Further down are entries; set down exactly and only the lines from the one with "Anime Tits Bbw" up to and including the one with "Imagen 5 de", dropping each picture.
──────── Records to use
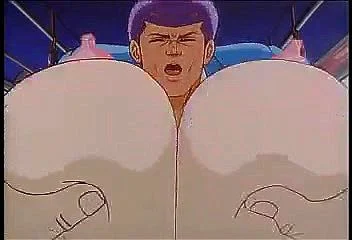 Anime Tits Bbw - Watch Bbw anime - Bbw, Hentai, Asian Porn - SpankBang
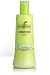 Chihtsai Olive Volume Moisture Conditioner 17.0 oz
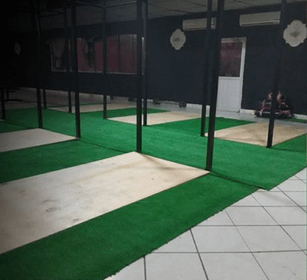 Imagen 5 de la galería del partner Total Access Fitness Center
────────────────
──────── Records to use
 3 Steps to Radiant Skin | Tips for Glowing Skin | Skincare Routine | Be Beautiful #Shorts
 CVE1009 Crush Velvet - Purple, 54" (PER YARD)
────────────────
──────── Records to use
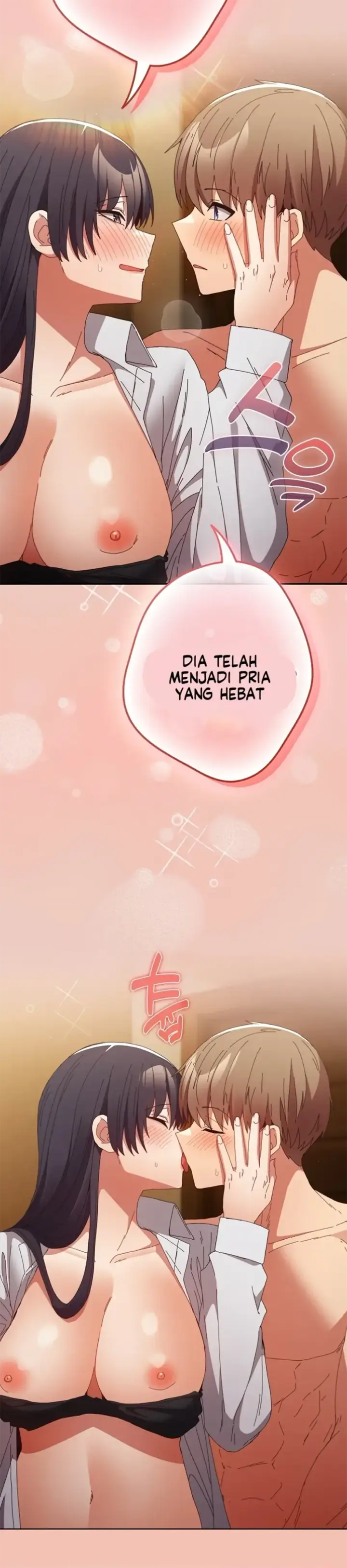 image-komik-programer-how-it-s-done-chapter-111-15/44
────────────────
§ **Solved problem**:
 Anime Tits Bbw - Watch Bbw anime - Bbw, Hentai, Asian Porn - SpankBang
 Chihtsai Olive Volume Moisture Conditioner 17.0 oz
 Imagen 5 de la galería del partner Total Access Fitness Center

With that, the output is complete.